Let's try this again.
The current law states that you cannot retrieve any data off a child porn infected computer; it must be quarantined and then DOD secure wiped. All data on the machine is now tainted and nothing of value can be retrieved because it carries the radioactive infection of child pornography. The physical disk is suspect and must go through a complete surface wipe.
What this means: Your virtualization server has one VM that has an illegal image on it. That image could have been anywhere on the disk, so we are going to wipe the ENTIRE server, all virtual machines get trashed.
Further, you aren't allowed to copy ANY files off. It has mission-critical databases? Too bad. The back-up server grabbed a copy of the VM that had that image in it, so it too is now tainted and needs a full wipe; no restoration from back-ups. All data on here has been touched by the Scarlet Swine Flu and has tiny, vicious particles of evil attached to it.
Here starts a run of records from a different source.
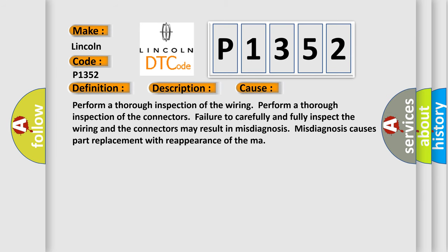This diagnostic error occurs most often in these cases: perform a thorough inspection of the wiring, perform a thorough inspection of the connectors. Failure to carefully and fully inspect the wiring and the connectors may result in misdiagnosis. Misdiagnosis causes part replacement with reappearance of the malfunction. The Airbag Reset website aims to provide information in 52 languages.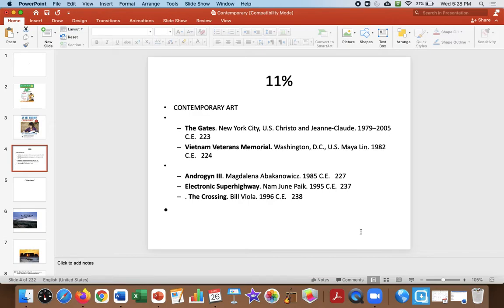Art. It's 11% of the exam. I might have to do this in two parts. It's 5:28 now. Let's see how it goes. Okay, to start with...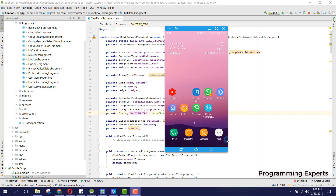Bismillahirrahmanirrahim, welcome to my another video on Android app development. In this video I am going to give you a demo of a new app which is a WhatsApp clone app using Firebase in Android Studio.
Your SAN carries ALL your corporate data? That whole thing is getting wiped dude.
And during investigation, the entire evidence chain is based on a hash, a number generated from a file. We're not allowed to see the image, or transfer it, or anything; what we do is we run a program that analyzes the image, generates a hash value, and emits THAT as evidence. That number can never transform back into the original image, but we have a database of bad numbers. They're "fuzzy hashes" that will match a tweaked image, so if you alter the tone and insert some noise it should (should) still match. That's all the evidence we have: a number that matches another number, just trust us that number is child porn.
If there was such a video of ME, I would be quite happy with the government seizing it, returning any non-relevant data back to the owners promptly, and retaining the image for legal purposes. Publication is not necessary for this. What has been seen can be relaid, but what has been seen cannot be unseen; someone out there has the ability to relay as much as can be relayed by the next guy already, and if it made the big time on the file sharing networks then the whole damn movie is just lost in the wild.
There are multiple levels of stupidity here. We should be able to non-destructively remove a single image from a media, or sanely recover important non-related data. We should be able to acknowledge the value of having actual evidence, rather than a number someone wrote down that was also previously recorded in a database with no real retention of the source material. But no, we've attached some infectious voodoo magic to bits of data, ones and zeroes, like someone could lay their hand on a .txt file that's 15 bytes long and have visions of a 200 kilobyte image that was on another computer that this file was once on as well.
And in the other direction: Why don't we have the same procedures for dissemination of adult porn? I've seen tons of pictures of over-18 college students "MY GIRLFRIEND PISSED ME OFF HERE ARE HER BOOBS" but they're 22 so it's okay and I can have that even though the victims are crying. The guy that took the picture and distributed it all over the god damn world isn't even arrested for it, and nobody comes to degauss my computer and put me in jail for possession.